WORK INSTRUCTIONS:
Would you return, word for word, the lines of the data below from the line with "Foto vom Album: Weinfest 2026" through the line with "Image result for Dendroica magnolia", and no others?

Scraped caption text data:
---------------

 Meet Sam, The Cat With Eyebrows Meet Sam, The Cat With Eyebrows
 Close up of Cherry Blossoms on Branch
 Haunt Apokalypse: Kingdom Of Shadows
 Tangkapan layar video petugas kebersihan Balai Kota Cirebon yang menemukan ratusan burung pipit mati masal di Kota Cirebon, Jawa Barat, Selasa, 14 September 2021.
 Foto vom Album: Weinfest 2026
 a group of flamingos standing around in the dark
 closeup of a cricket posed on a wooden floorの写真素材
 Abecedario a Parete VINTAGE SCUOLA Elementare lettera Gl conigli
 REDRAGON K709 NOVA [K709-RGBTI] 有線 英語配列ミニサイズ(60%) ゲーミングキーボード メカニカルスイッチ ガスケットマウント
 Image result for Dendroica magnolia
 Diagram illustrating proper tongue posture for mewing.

---------------

RESPONSE TO THE TASK:
 Foto vom Album: Weinfest 2026
 a group of flamingos standing around in the dark
 closeup of a cricket posed on a wooden floorの写真素材
 Abecedario a Parete VINTAGE SCUOLA Elementare lettera Gl conigli
 REDRAGON K709 NOVA [K709-RGBTI] 有線 英語配列ミニサイズ(60%) ゲーミングキーボード メカニカルスイッチ ガスケットマウント
 Image result for Dendroica magnolia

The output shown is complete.